[Supplied records Boundary: Start]
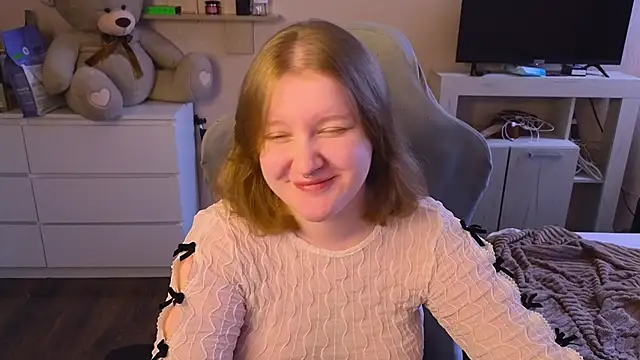 Snapshot of Ol1via chatting on 04/03/26, 03:04 Ol1via online show from 04/03/26, 03:04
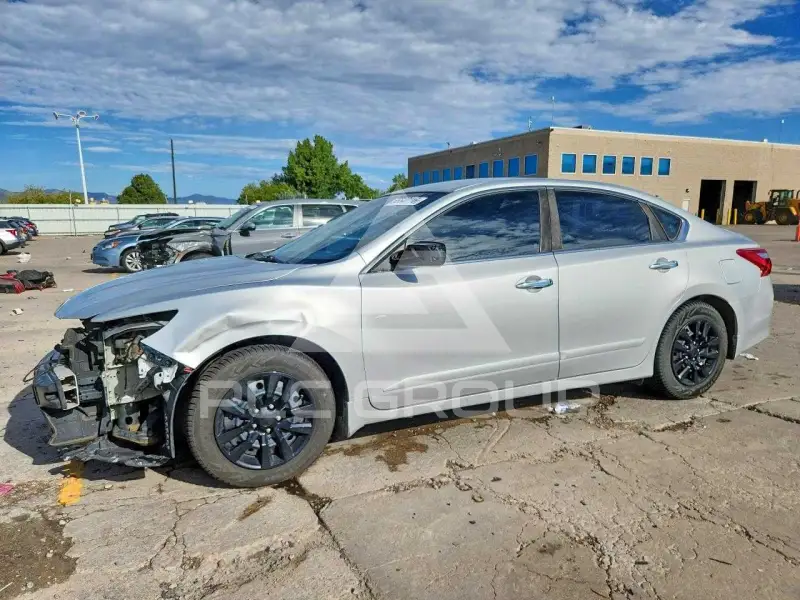 2017 Nissan ALTIMA photo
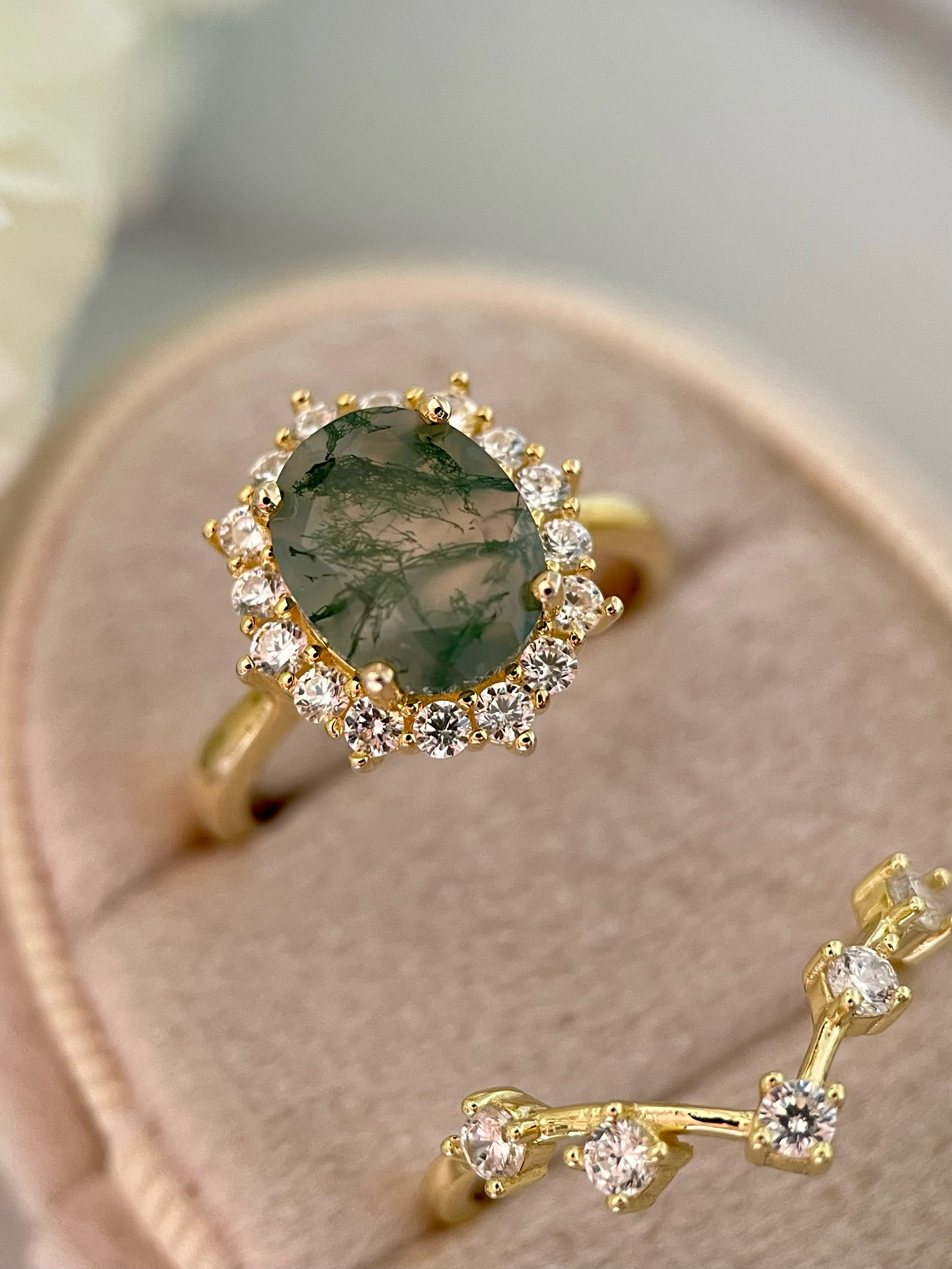 【Ensemble Morrigan】 Bague de fiançailles unique, faite main, en agate mousse verte naturelle, forme ovale, 3 carats (2 pièces). 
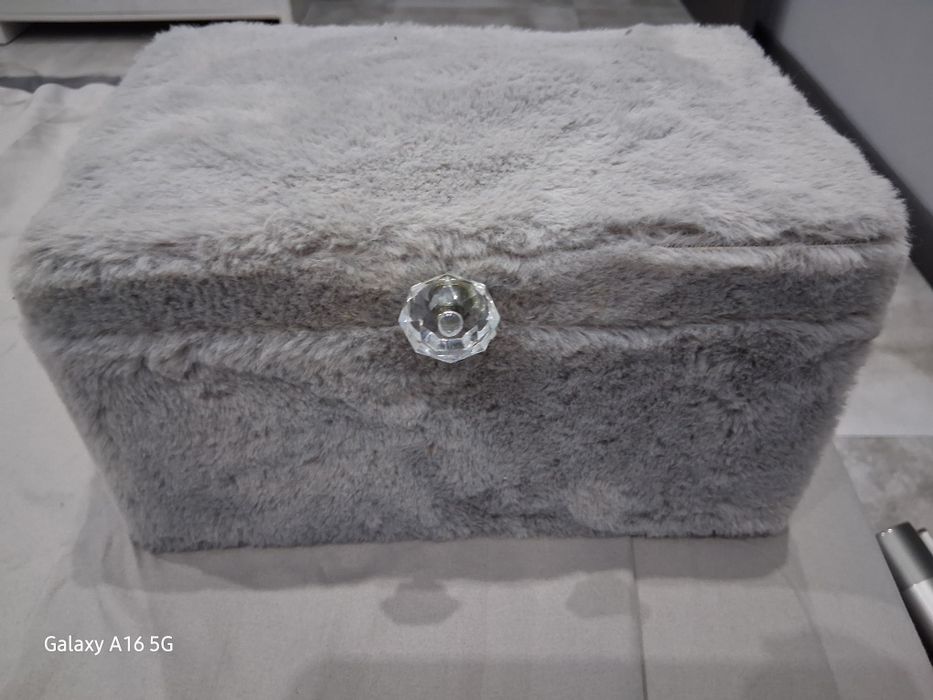 Szare pudełko futerkowe pepco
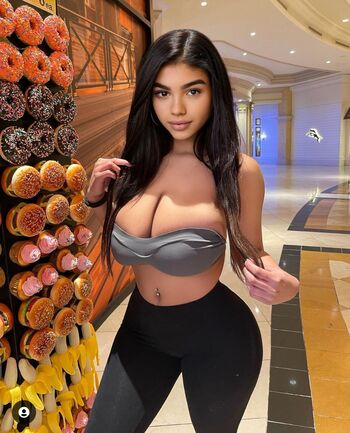 Zarah Heavens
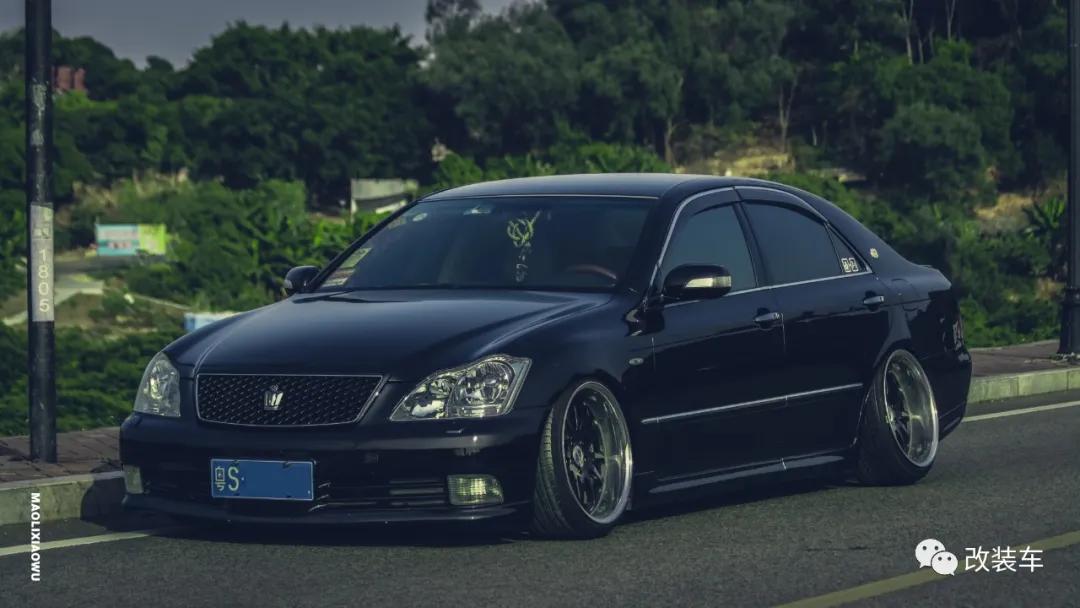 12代皇冠质感相当于现在的什么,最经典一款12代皇冠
[Supplied records Boundary: End]
**Problem requirements:**
The answer must be an exact restatement of all the records, with no pictures included.

**Task response:**
 Snapshot of Ol1via chatting on 04/03/26, 03:04 Ol1via online show from 04/03/26, 03:04
 2017 Nissan ALTIMA photo
 【Ensemble Morrigan】 Bague de fiançailles unique, faite main, en agate mousse verte naturelle, forme ovale, 3 carats (2 pièces). 
 Szare pudełko futerkowe pepco
 Zarah Heavens
 12代皇冠质感相当于现在的什么,最经典一款12代皇冠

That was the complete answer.